**Task directions**
Exact copy without images: repeat every entry as written.

:: Input data

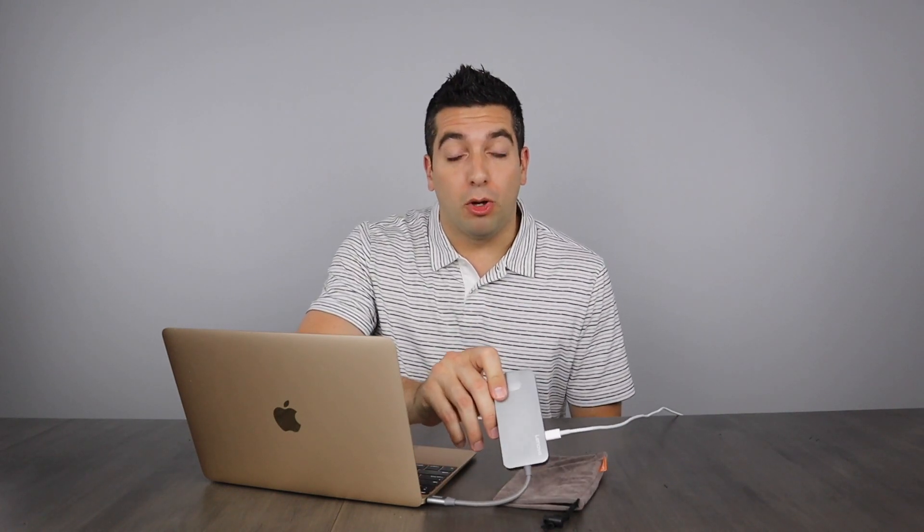I want to test it out on the computer. Plug it in — power cord to the power adapter — and the MacBook is charging, so it works as it's supposed to. I wanted to get this because I need the HDMI port for what's in our next video. So I unboxed the Lenovo multi-port adapter in seven minutes or less.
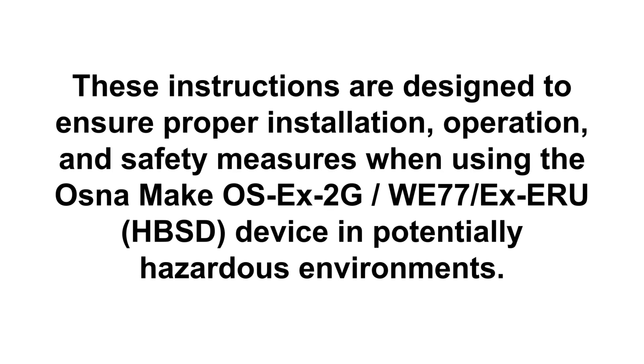These instructions are designed to ensure proper installation, operation, and safety measures when using the HBSD device in potentially hazardous environments.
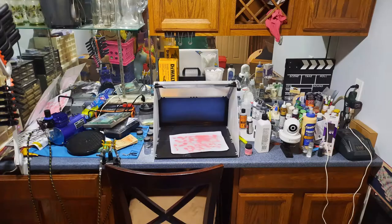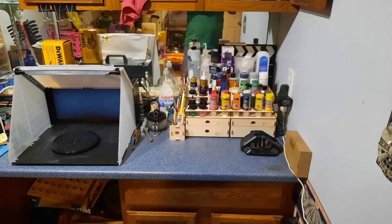Hey guys, Rick here in the production studio of the Foltz-Bailey Railroad. If you want to see how I took this messy airbrush station and turned half of it into a neatly set up station, stay tuned because I'm going to show you what I used to do it.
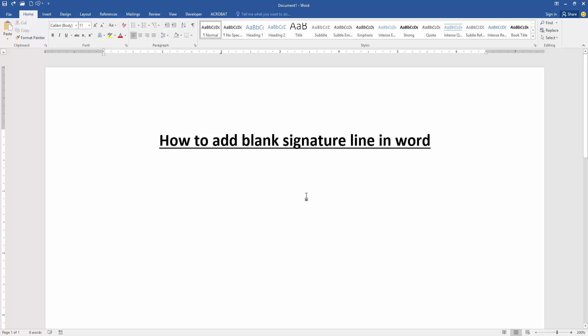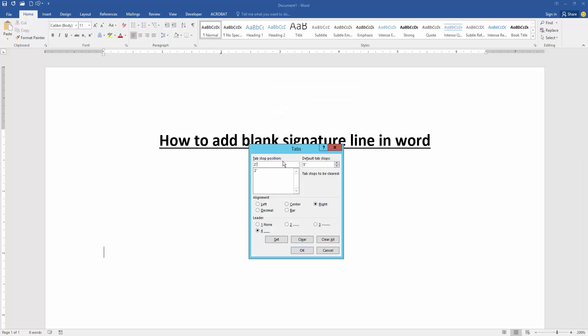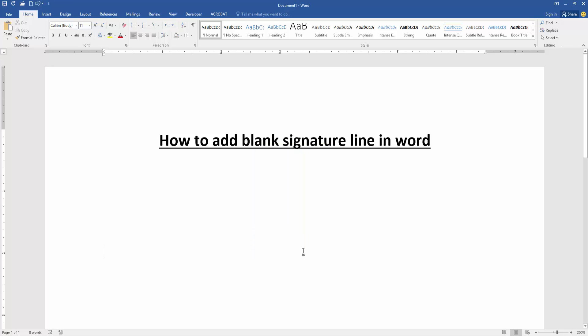Firstly, we have to open our document. Now we want to add a blank signature in this document. Go down and go to the Home menu, then click the paragraph settings option, then go to the Tabs option and set the tab stop to 3. Click the alignment Right and choose the leader 4, then click Set, then click OK.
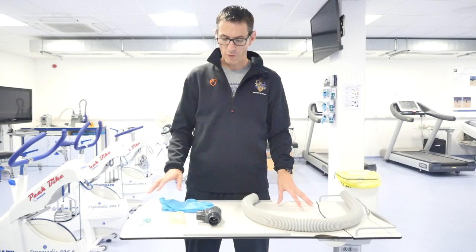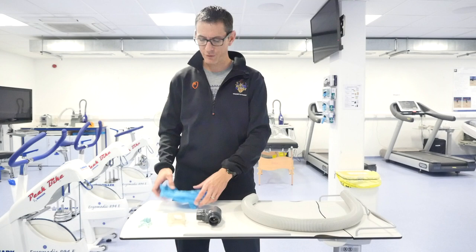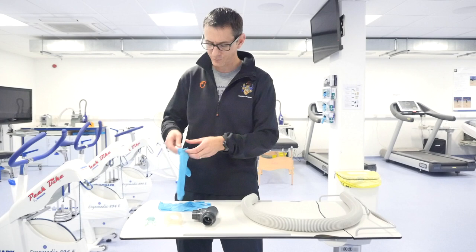Hello. This is just a little introduction on how to fit a mouthpiece together prior to collecting some expired air using the Douglas bags. I've got my equipment here set up ready: gloves, nose clip, one mouthpiece, a two-way valve system, and the tube that's going to connect the two-way valve system to the Douglas bags.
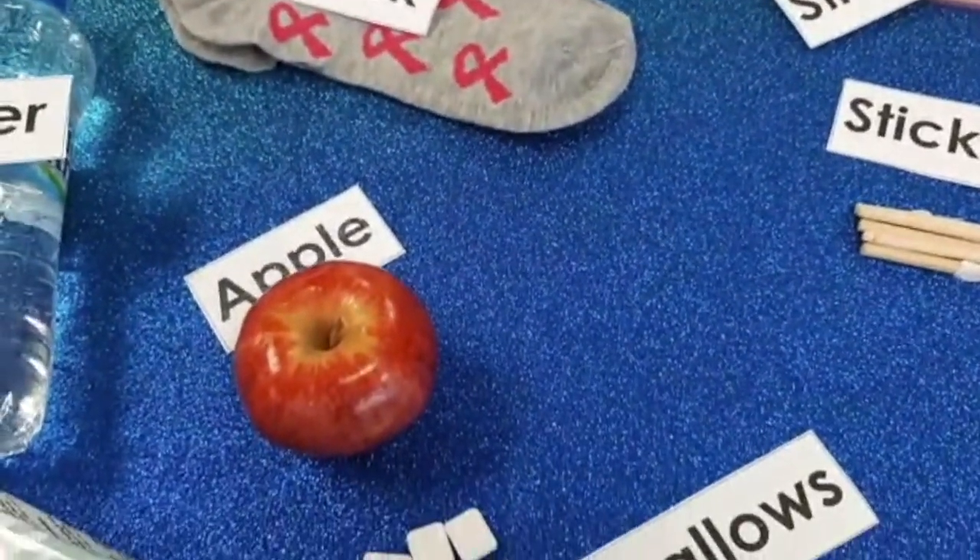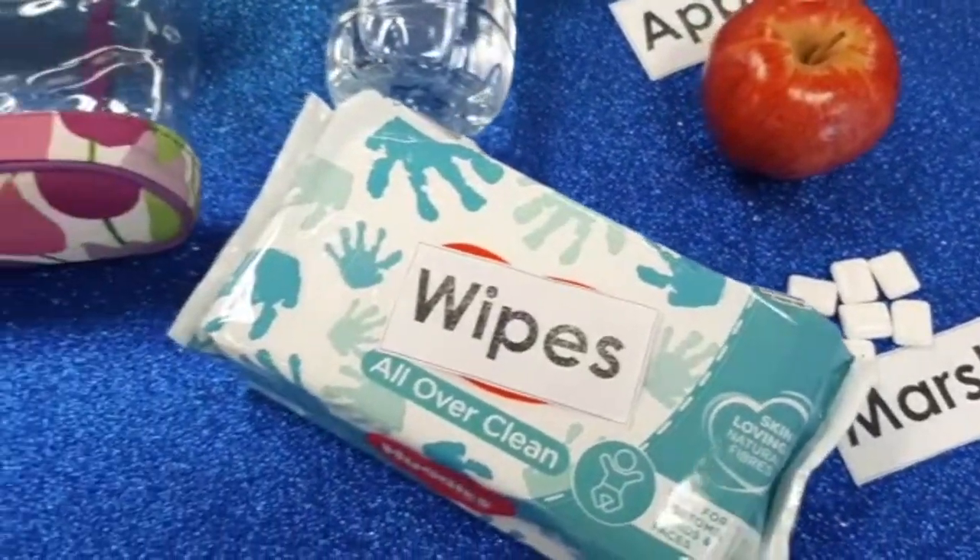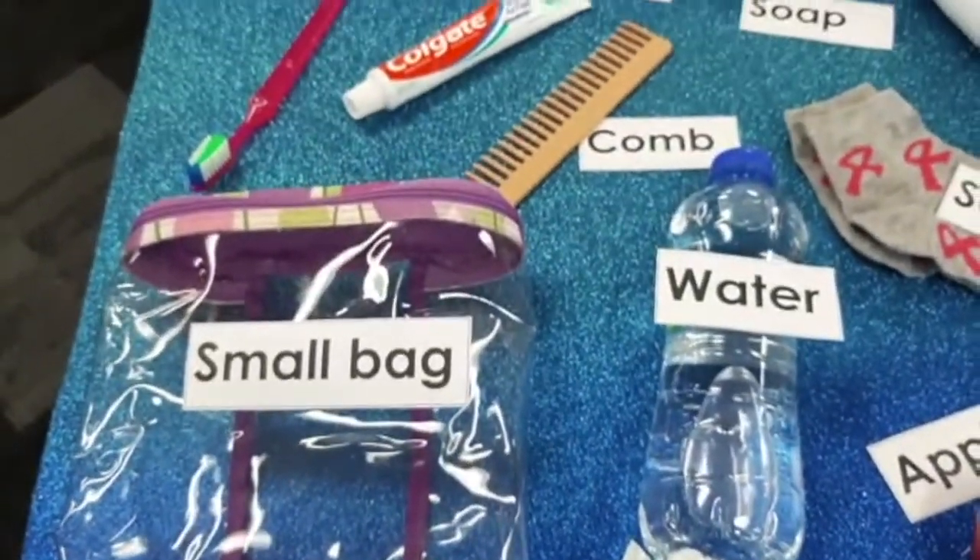Some straws and sticks, an apple, some yummy marshmallows, a pack of wipes, water, and a small bag.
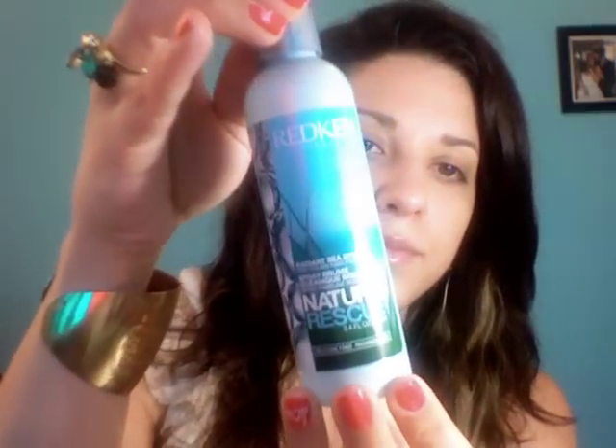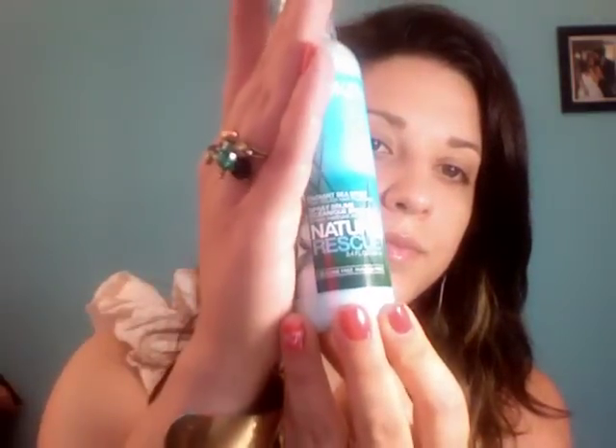To start, I have freshly washed my hair and it's about 80% dry. In my hair while it was still wet I have used the following products: the It's a 10 Miracle Leave-In product, which is a spray conditioner, and I've also used this Nature's Rescue by Redken — it's a time-release fragrance, but it's also a texturizing spray.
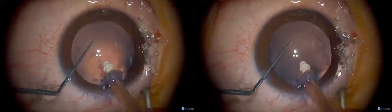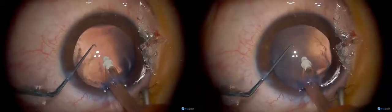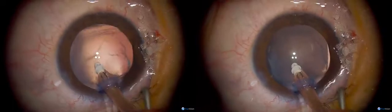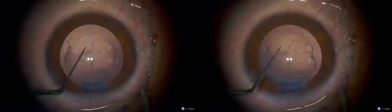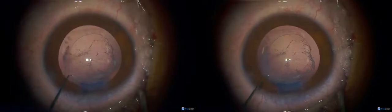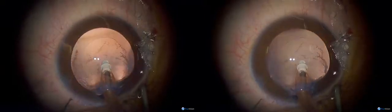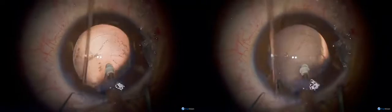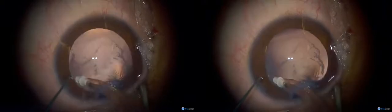That may be the posterior capsule that's broken there, and that may be the anterior hyaloid face behind it. A question from the classroom about the membrane and whether I'm going to leave it or take it out. I think that line there is a tear in the posterior capsule. This is the posterior capsule here, and underneath is probably the anterior hyaloid face of the vitreous — so that explains why he's got a cataract. I'm going to put a lens into the bag.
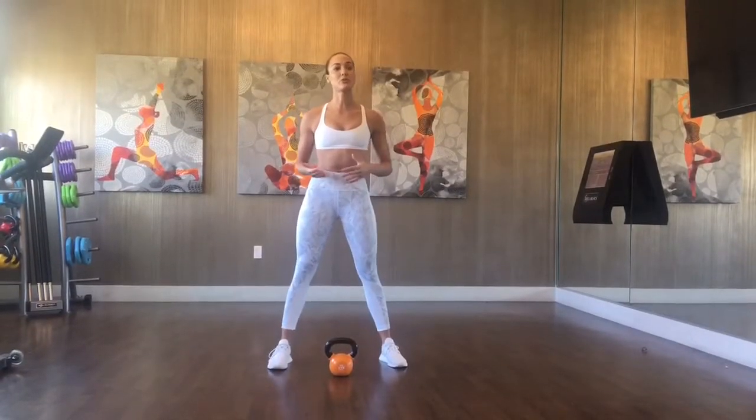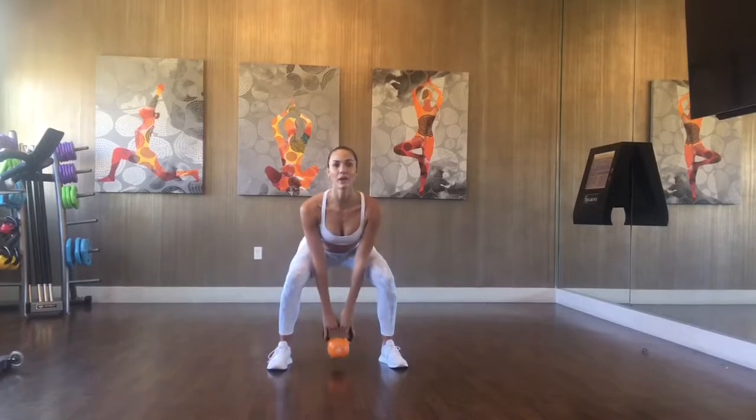So what you're going to do is start with your feet about shoulder width or a little wider to start. Then from here you're going to hinge your hips, grab that kettlebell, and swing it on up into this wrapped position.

::::

**Result for this task**
I want to test it out on the computer. Plug it in — power cord to the power adapter — and the MacBook is charging, so it works as it's supposed to. I wanted to get this because I need the HDMI port for what's in our next video. So I unboxed the Lenovo multi-port adapter in seven minutes or less.
These instructions are designed to ensure proper installation, operation, and safety measures when using the HBSD device in potentially hazardous environments.
Hey guys, Rick here in the production studio of the Foltz-Bailey Railroad. If you want to see how I took this messy airbrush station and turned half of it into a neatly set up station, stay tuned because I'm going to show you what I used to do it.
Firstly, we have to open our document. Now we want to add a blank signature in this document. Go down and go to the Home menu, then click the paragraph settings option, then go to the Tabs option and set the tab stop to 3. Click the alignment Right and choose the leader 4, then click Set, then click OK.
Hello. This is just a little introduction on how to fit a mouthpiece together prior to collecting some expired air using the Douglas bags. I've got my equipment here set up ready: gloves, nose clip, one mouthpiece, a two-way valve system, and the tube that's going to connect the two-way valve system to the Douglas bags.
Some straws and sticks, an apple, some yummy marshmallows, a pack of wipes, water, and a small bag.
To start, I have freshly washed my hair and it's about 80% dry. In my hair while it was still wet I have used the following products: the It's a 10 Miracle Leave-In product, which is a spray conditioner, and I've also used this Nature's Rescue by Redken — it's a time-release fragrance, but it's also a texturizing spray.
That may be the posterior capsule that's broken there, and that may be the anterior hyaloid face behind it. A question from the classroom about the membrane and whether I'm going to leave it or take it out. I think that line there is a tear in the posterior capsule. This is the posterior capsule here, and underneath is probably the anterior hyaloid face of the vitreous — so that explains why he's got a cataract. I'm going to put a lens into the bag.
So what you're going to do is start with your feet about shoulder width or a little wider to start. Then from here you're going to hinge your hips, grab that kettlebell, and swing it on up into this wrapped position.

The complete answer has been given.